In a nutshell: When consuming EventLogging data, only rely on the log
database available from m2
replicas, like analytics-store.eqiad.wmnet
. Other representations might not get updated, might not get fix-ups or may (on purpose) give you unvalidated data.
MySQL / MariaDB database on m2
This database is the best place to consume EventLogging data from.
Available as log
database on m2
replicas, such as analytics-store.eqiad.wmnet
.
Only validated events enter the database.
In case of bugs, this database is the only place that gets fixes like cleanup of historic data, or live fixes.
'all-events' JSON log files
Use this data source only to debug issues around ingestion into the m2 database.
Entries are JSON objects.
Only validated events get written.
In case of bugs, historic data does not get fixed.
Those files are available as:
stats1002:/a/eventlogging/archive/all-events.log-$DATE.gz
stats1003:/srv/eventlogging/archive/all-events.log-$DATE.gz
eventlog1001:/var/log/eventlogging/...
Raw client and server side log files
Use this data source only to debug issues around ingestion into the m2 database.
Entries are parameters to the event.gif's request.
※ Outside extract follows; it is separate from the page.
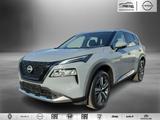 Nissan X-Trail Tekna 1.5 VC-T e-POWER / Heckklappe el. - Nissan X-Trail in Krefeld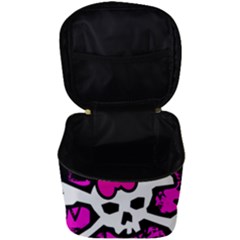 Make Up Travel Bag (Large)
They are not decoded at all.
In case of bugs, historic data does not get fixed. Neither need hot-fixes reach those files.
Those files are available as:
stats1002:/a/eventlogging/archive/client-side-events.log-$DATE.gz
stats1002:/a/eventlogging/archive/server-side-events.log-$DATE.gz
stats1003:/srv/eventlogging/archive/client-side-events.log-$DATE.gz
stats1003:/srv/eventlogging/archive/server-side-events.log-$DATE.gz
eventlog1001:/var/log/eventlogging/...
Kafka
EventLogging now feeds the following topics in Kafka:
- eventlogging_valid_mixed: All valid events that come from all schemas.
- eventlogging_<schemaName>: All events from the specified schema. Note there is one of those topics for each schema.
MongoDB
EventLogging data is no longer fed into MongoDB since 2014-02-13.
The EventLogging data in MongoDB did not appear to get used.
ZMQ
ZMQ is available from eventlog1001.
In case of bugs, historic data cannot get fixed :-)
Data coming from the forwarders (ports 8421, 8422) is not validated and need not see hot-fixes.
Data coming from processors (port 8521, 8522) and multiplexer (port 8600) is validated.
This streams will cease working soon, Analytics is working to move all streams to Kafka.
Nginx pipeline
Since EventLogging data is typically coming in through https, and the EventLogging payload is encoded in the URL, EventLogging data is available in all the log targets from the SSL terminators.
In case of bugs, historic data does not get fixed. Neither need hot-fixes reach this pipeline.
Varnish pipeline
Since EventLogging data is extracted at the bits caches, and the EventLogging payload is encoded in the URL, EventLogging data is available in all log targets from the bits caches.
In case of bugs, historic data does not get fixed. Neither need hot-fixes reach this pipeline.